Chloë Joan López
chlo'jo'lo'
The Chasm God

I have to admit that I've been listening to Cat Power a lot today. Twice a day I walk down 17th Boulevard and lately the sound of the Chasm God has been increasingly insistant. Despite his vast immateriality, I usually find his presence, and the attendant and inescapable hum with which he fills the air, to be an unchanging comfort.

I've never understood why a god like him would even bother to take notice of some random semidivinity, but today he was not content to allow me just to take comfort in his presence. He wants something more-- I could hear it in his resonant voice-- and when I realized that, my heart was filled with a swollen and ruddied longing. I don't know if the longing is one I already had that he simply swirled to the surface, or one that he placed there himself. I suspect that it has something to do with the wedding blessing he gave me previously, but how can I know?

All I know is how I feel tonight: the damnable longing that I still feel even though the Chasm God is far out of earshot. So I put on Cat Power and hope the music can draw out whatever needs drawing out. It's music of both simplicity and intensity, in a way I don't really understand yet. Seamother says I need to learn how to dive without remembering how to breathe, and I think this music evokes how it might feel.

The other thought it brings to mind is that while various works of art have differing merits on strictly aesthetic grounds... well, let me back up. I often feel torn between two schools of aesthetic thought. The first asserts that art must be judged on its content, on whatever social or political or ethical or even emotional effects it might have. The other says that art ought be judged only on its purely aesthetic effects. (I am here using the word "aesthetic" to refer to the unique pleasure gained from experiencing and recognizing patterns.) This tension is to me particularly acute in music, since usually the emotional effect of the music is very obviously direct, but the aesthetic effects of musical patterns are just as easily perceived and yet remain completely abstract. You can then have bizarre experiences like feeling pure aesthetic ecstasy at music that is emotionally cold or even brutal (or the opposite, aesthetic tedium at music whose content is very moving or uplifting) without having an inkling of what the tension between the two is supposed to mean.

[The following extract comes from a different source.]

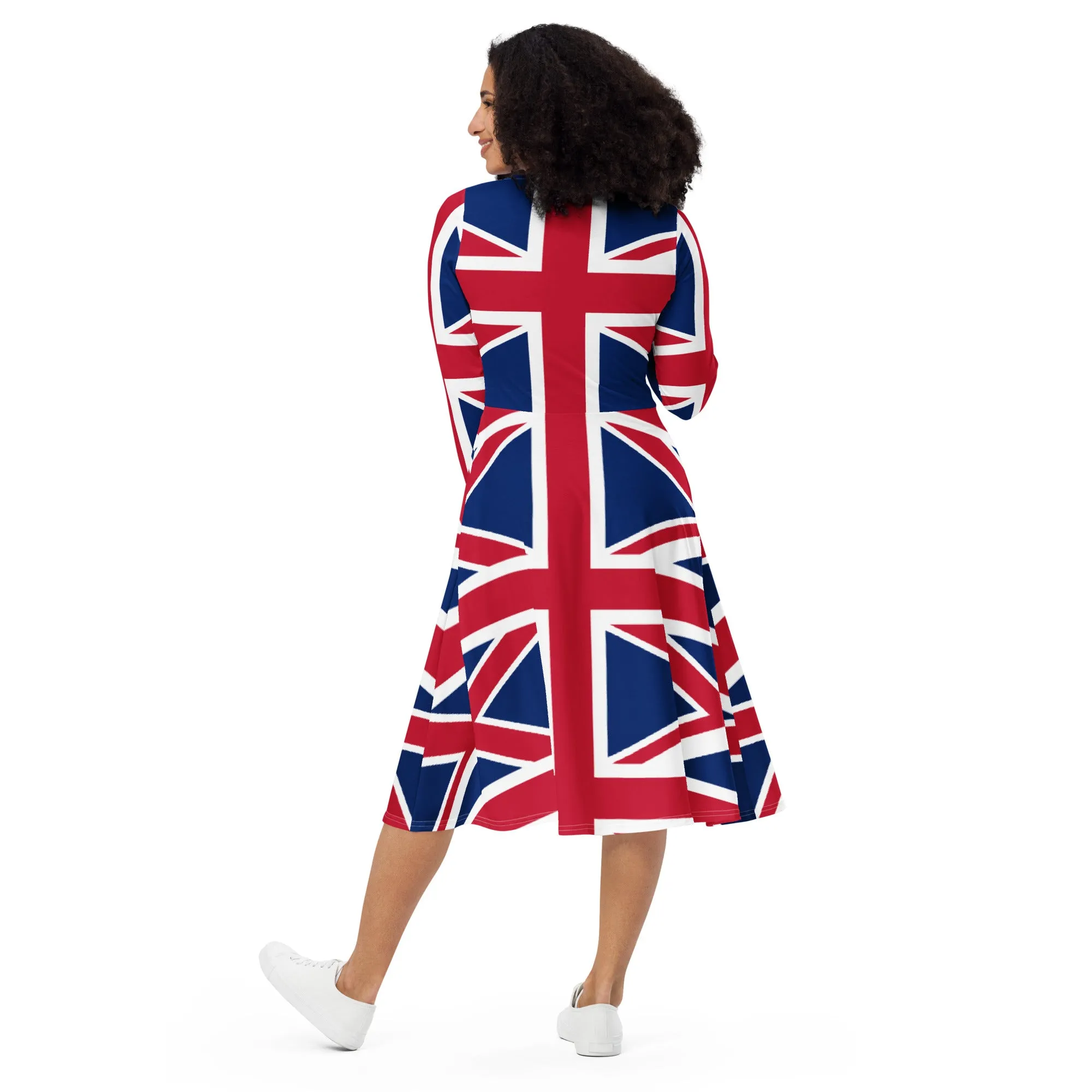 Plus Size Union Jack Dress / Long Sleeve Dress With Pockets / Sizes 2XS - 6XL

I can't tell you what it means. If I could, then I would be able to resolve the tension between the two aesthetic models, and if you thought I was going to come down on one side or the other on that debate, well, sorry to disappoint you. But while listening to Cat Power it occurred to me that there might be another way of thinking about this. People often object to the aestheticist school of thought because it seems to them inhumane, as if there were no criteria that could be applied besides the purely abstract (and thus purely irrelevant) ones. But it occurs to me that there might be a way to judge aesthetic effects on the non-aesthetic effects they have as well, non-aesthetic effects that they have as aesthetic effects, apart from whatever non-aesthetic content they might have, since aesthetic effects undoubtedly can be judged on scales other than zero to ten where zero is stuporific banality and ten is Emily Dickinson. If art can be judged on this criterion, it seems to me that the creation of art, even abstract art, can always be seen as a social and therfore "moral" or political act, since there will always be real non-aesthetic effects on real people. And an artist's responsibility to her community is twice what she used to think it was.